3 Interesting Ways To Size Someone Up
If you ever join my family on a weekend outing to the mall, or end up next to us in line at an amusement park, you might be surprised to hear how vigorously we judge the people around us. It’s true that hairstyles and fashion choices often attract our attention (we are human, after all), but if you listen closely you’ll notice that what we are actually paying attention to and discussing are people’s eyes, the expressions on their faces, and who they are with. In short, we are discussing how “safe” they are.
Ever since my boys were old enough to walk, we’ve been talking to them about the idea of safe strangers — people they could ask for help if they got lost. Women, and especially women with children, usually top the list of “most likely to be helpful” candidates. Fortunately, we’ve never had to put their skills to the test.
In spite of our culture’s negative views about judging people, it’s actually a useful and rather important skill for adults and children alike. Let’s be honest — it’s something we all do anyway, and the ability to size someone up helps us determine not just who we can trust, but who we might want to spend time with or work with.

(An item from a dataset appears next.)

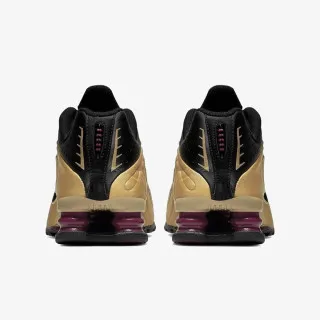 Nike Patike SHOX R4 
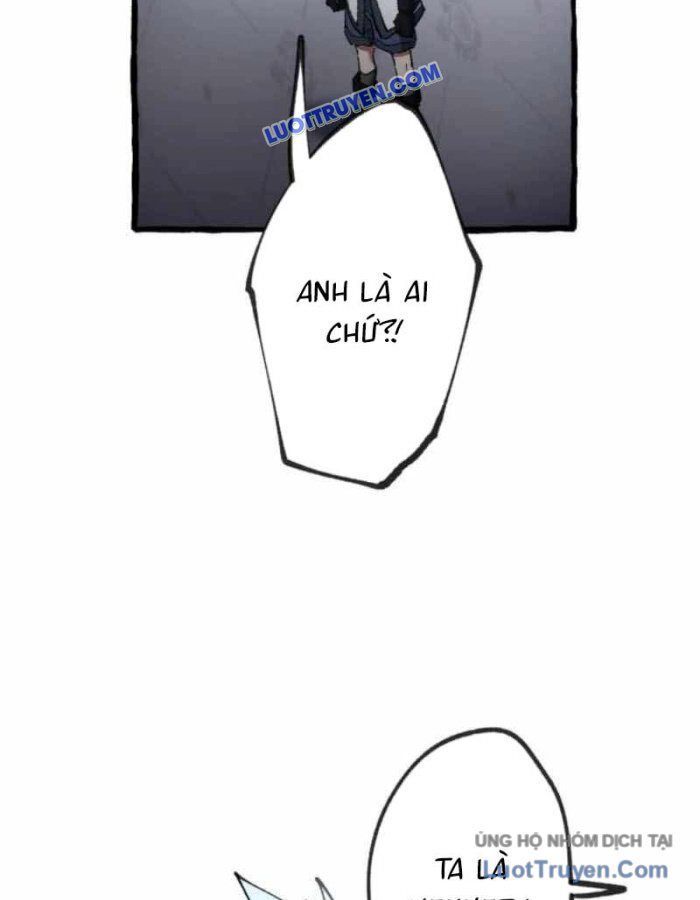 Hiệp Sĩ Hạng Thấp Vô Địch Với Hỏa Diễm Cấm Kỵ Chapter 5 - 42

Maya Angelou, one of the great people observers of our time, famously said “I’ve learned that you can tell a lot about a person by the way he/she handles these three things: a rainy day, lost luggage, and tangled Christmas tree lights.” I couldn’t agree with her more, especially about the tangled tree lights. I was thinking about this quote the other day as I stood in line at the store, watching a mother with a cranky toddler, and was inspired to add three additional ways to size someone up:
- How they manage a child throwing a temper tantrum.
- How they respond to receiving the wrong meal at a restaurant.
- How they react to finding a spider (or any other large bug) in the sink.
Show me how someone handles a situation where they have little control, an experience that does not meet their expectations, and an unexpected event tinged with fear, and I can tell you a lot about that person. Also, I’ve found that when these things happen in public, they provide great opportunities to talk to your kids (once you’re back in the car, of course) about how well or badly someone managed a situation, and how they themselves would want to respond if they are ever in that same situation.
How about you? What situations would you add to the list? Do you ever talk to your kids about them?